Gabriel B. Apolinário

Physics | Postdoc researcher | University of Bayreuth

Benchmarking Python FFTs

June 10, 2021

These are some benchmarks on Fast Fourier Transform in Python using different tools: Numpy, Scipy, PyFFTW and PyTorch. The arrays are one-dimensional with complex entries and up to 2^26 elements.

Numpy and Scipy only run in one processor, while PyFFTW and PyTorch can be configured to run in multiple threads, and I tested them with 1,2,4 and 8 threads. The benefits of multithreading are significant both for PyFFTW and PyTorch, especially for larger arrays (> 2^14 elements).

For PyFFTW, I used the FFTW class, which involves transform plans, as the standard FFTW library in C. A suboptimal choice is to use the interfaces class, which is simpler to use since its syntax is the same as that of numpy.fft. The interfaces class is a little bit faster than the numpy Fourier transform, but it doesn’t have one of the main benefits of the FFTW code, which are the planned transforms. Instead, it creates a new plan at every call. This can be very bad, especially if PyFFTW.interfaces is used with multithreading. In this last case, the overhead of communication and creating transform plans seriously overwhelm the benefits of the FFTW.

The performance of PyTorch for large arrays is impressive, with the smallest runtimes both for serial code and for the multithreaded code. I would also like to know what the results would be with GPU enabled on PyTorch. Can it be even faster?

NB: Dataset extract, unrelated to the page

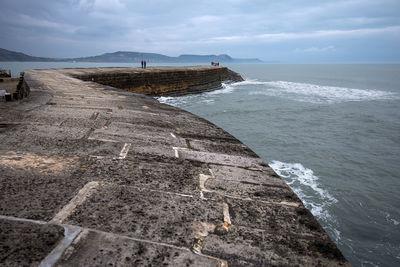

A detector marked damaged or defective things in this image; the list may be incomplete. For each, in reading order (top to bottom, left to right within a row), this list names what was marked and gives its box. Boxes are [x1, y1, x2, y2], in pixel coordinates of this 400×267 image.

cracked concrete [0, 67, 350, 266]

Runtimes in linear and log scale

The results were timed with the %timeit magic of jupyter notebooks, and can be seen in the figure above and the table below. The solid curves in the figure show the mean runtime, and the shaded area includes the minimum and maximum runtimes. Each color represents an array of different size, as indicated in the legend. The worst results come from numpy and PyFFTW.interfaces. The best results for smaller arrays come from PyFFTW.FFTW serial, and for larger arrays PyTorch multithreaded wins.

The table shows the ratio between the different modules and the numpy runtime, the most popular option. The smaller the number, the faster the module is compared to numpy. The best values for each array size are highlighted.

Ratio of runtime versus numpy runtime. Best values for each array size are highlighted

The code is available on Github, as always.